Com a palavra, Leonardo Boff

Em entrevista ao Diário de Pernambuco, teólogo defende a renúncia do papa Bento XVI e questiona a ação dos padres carismáticos.

Jailson da Paz


O teólogo Leonardo Boff, 70 anos, é um pensador de posicionamentos firmes. Condenado pelo Vaticano a dois


Foto: Hélder Tavares/DP/D. A Press
anos de silêncio por suas teses ligadas à Teologia da Libertação, nos anos 80, ele acredita que agora o melhor para Igreja Católica seria a renúncia de Bento XVI. Boff não esconde as razões de seu entendimento. Para ele, o papa é sectário e leva a Igreja a fechar-se. Ao risco de ser uma instituição mariana, valorizando-se Maria mais do que Jesus.

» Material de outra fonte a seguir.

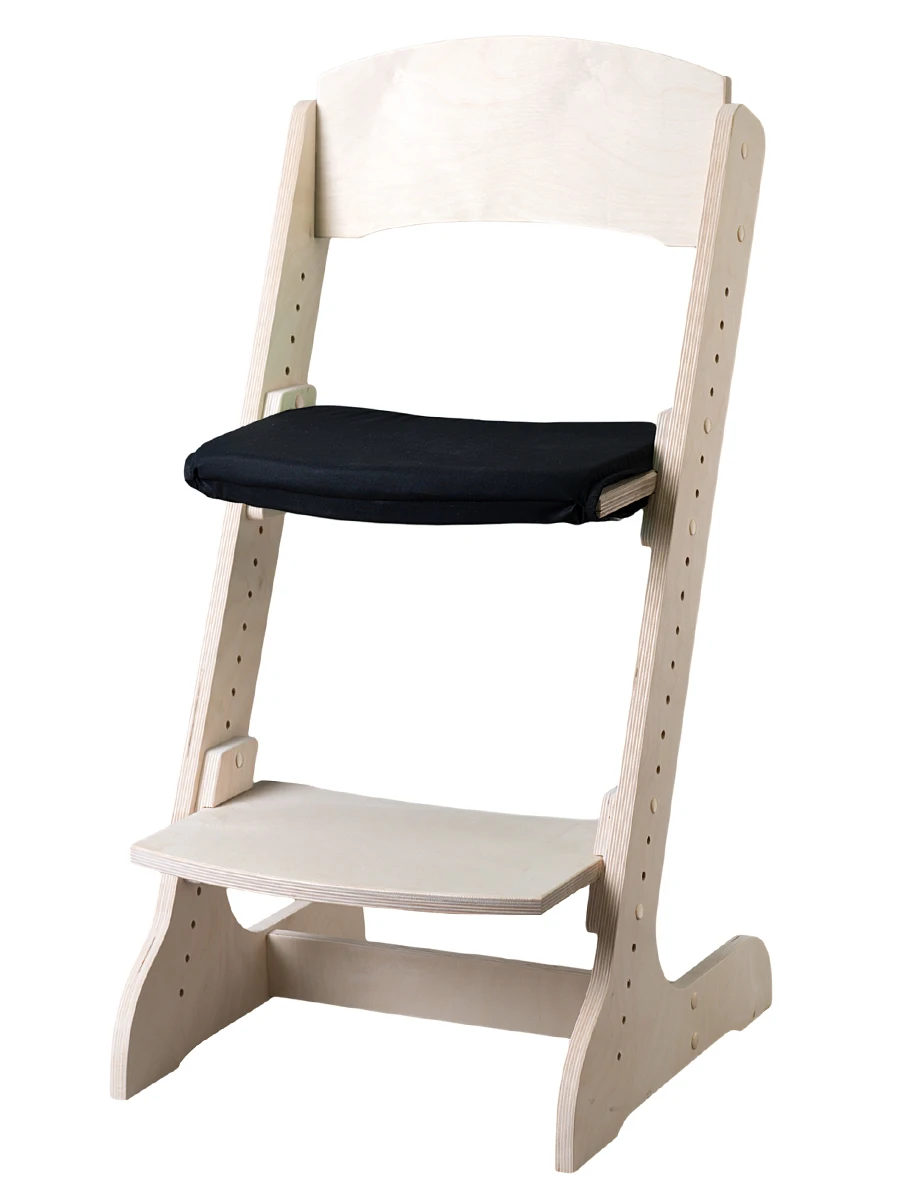 Набор: Растущий стул ALPIKA-BRAND Сlassic Natural плюс подушка на сидение черная - купить по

Boff não deixa perguntas sem respostas. O ex-frade franciscano, que deixou a vida religiosa nos anos 90 porque estava sob a ameaça de uma nova condenação pelo Vaticano, defende o programa Bolsa Família. Questiona as ações dos carismáticos, a exemplo de Marcelo Rossi, que valorizam a "aeróbica" em detrimento do social. Condena o capitalismo e seus excessos, aos qual atribui as causas da atual crise.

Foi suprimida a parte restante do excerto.